The lyrics all have the brutal elegance and jagged honesty of some mid-century male American self-portraitist—John Berryman at his most lucid, maybe, or Henry Miller at his least aroused. And they all point in one direction: Oberst paints a startling picture of how surreal life becomes when backlit by illness. Ruminations creates an atmosphere of closeness and squalor, when the boundaries of life seem to be the limits of your head and house; increasingly, pieces of architecture, in particular Frank Lloyd Wright’s Fallingwater and Imperial Hotel, come to represent the permanence and solidity that Oberst, in his sickness, lacks. What escape Oberst can find comes in the form of a bottle, but that relief is more a mirage than anything else; by the time of the closer, “Till St. Dymphna Kicks Us Out,” Oberst sounds like he’s singing at his own funeral, except in place of an open casket, he’s been pickled in a bottle of Maker’s Mark.
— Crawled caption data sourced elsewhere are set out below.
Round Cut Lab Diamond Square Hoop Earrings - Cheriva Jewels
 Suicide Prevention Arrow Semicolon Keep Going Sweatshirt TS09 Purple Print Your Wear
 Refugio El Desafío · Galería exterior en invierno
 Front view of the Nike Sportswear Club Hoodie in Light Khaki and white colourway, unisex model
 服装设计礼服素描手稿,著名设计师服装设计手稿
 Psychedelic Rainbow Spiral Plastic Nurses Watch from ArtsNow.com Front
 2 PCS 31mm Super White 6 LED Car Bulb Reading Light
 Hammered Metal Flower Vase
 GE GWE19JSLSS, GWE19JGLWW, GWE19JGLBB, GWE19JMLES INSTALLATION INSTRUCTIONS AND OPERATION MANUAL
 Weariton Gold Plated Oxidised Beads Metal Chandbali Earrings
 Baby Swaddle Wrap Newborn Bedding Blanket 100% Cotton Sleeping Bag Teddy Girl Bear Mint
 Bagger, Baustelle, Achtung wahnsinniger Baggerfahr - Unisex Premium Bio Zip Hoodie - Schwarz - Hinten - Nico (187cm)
These descriptions might not suggest beautiful music, nor do the stories of Ruminations’ creation: two New York magazine profiles, one then and one now, sketch the process in extremely dark tones, and in the latest, producer and bandmate Mike Mogis says that Ruminations could’ve been mixed in a day but took two weeks, since Oberst was “so fucked up all the time.” Don’t be fooled, though: these songs are heartrendingly beautiful, filled with the beauty of day-drunkenness and Proustian flights into memory and waking up in the afternoon and realizing that, however imperfect the day is, it’s a day.

And it provides a remarkable companion piece to Down in the Weeds, which is the night-sky version of Ruminations’ pinhole. Look no further than the song “Forced Convalescence,” whose first verse basically summarizes the whole Ruminations arc, then moves on to a dizzying trip through space and time and finally lands in the body of a father—not, it should be noted, the childless Oberst—who is catastrophizing his 40th birthday and coping with Seroquel.

But there’s no summarizing on Ruminations: it’s all details. A drink rattles in a shaking hand; eyes are red and raw; urine vanishes into a catheter tube. For those of us all too immersed in the quotidian flatness of day after day spent indoors and inside of screens, listening to this kind of introspection, particularly when it’s been rendered into art, isn’t just relevant—it’s a relief. Oberst has been there, he’s been worse, and he turned his suffering into something he could share. And when the rest of us end up in a similar spot, we can meet here, at an album like this, and buy another round.